I decided that the first stage should be automating the Z axis, as this would allow me to keep using the quill to drill holes and do basic milling while the rest of the z axis was in pieces, or not working.


I planned to pull things apart, take measurements, reassemble the mill and then make the parts to refit. I had to develop a method to hold the NEMA34 frame motors, and transmit power from the motor to the Z lead screw. I researched the option of using  a ballscrew, and after much deliberating, I chose to simply drive the  crank handle with a toothed or ‘timing’ belt.

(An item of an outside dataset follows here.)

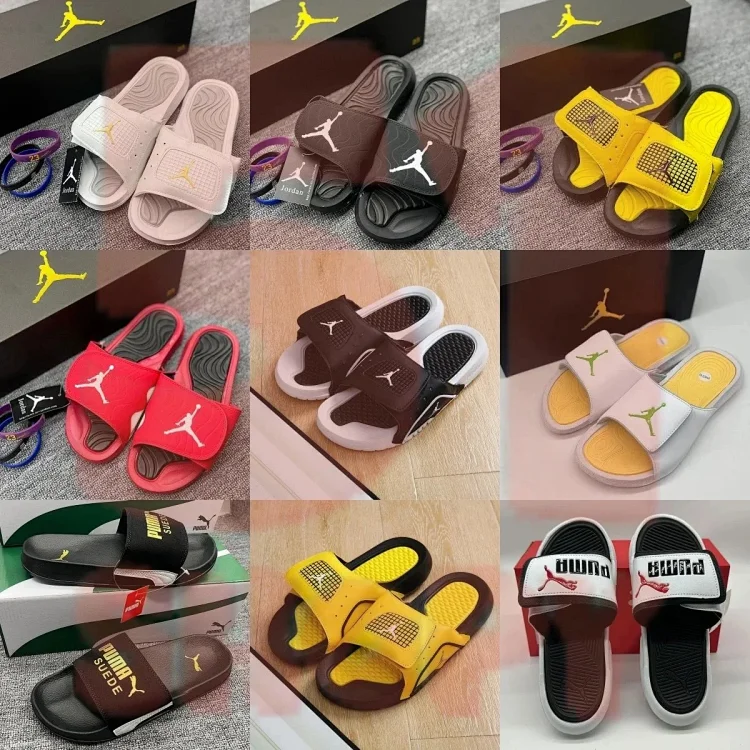 Jordan slippers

I started by measuring the motor and cutting a circular pocket for the motor boss with a rotary table, then drilled M6 holes and put heli-coils in the aluminium plate for the motor to anchor into.

Automating the Z axis.

Cutting the motor boss from 100 x 12mm Aluminium plate, 125 mm length.




After drilling, tapping and inserting M6 heli-coils, I fixed the servo motor to the motor mounting plate.

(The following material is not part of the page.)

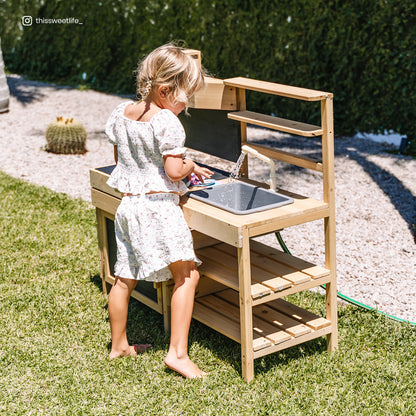 Lifespan Kids Ramsey Outdoor Play Kitchen - Cosy Abode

The next step was to fix another plate to the motor mount to make stand offs. I made this out of scrap that was big enough

After fixing the two parts together, I added some gussets for extra strength incase the motor pulled too hard and snapped the M6 cap screws.


I purchased a XL10 pulley, and bored it to 1/2” and cut a 4mm keyway to suit. (Yes, that is right, an imperial size motor shaft with metric keyway!- go figure?)

I purchased an XL26 pulley and bored it to 17mm to suit the Z axis shaft. I also counter-bored and tapped an M6 thread for two opposing M6 x 30 socket head cap screws, which fit perfectly to clamp the pulley to the shaft.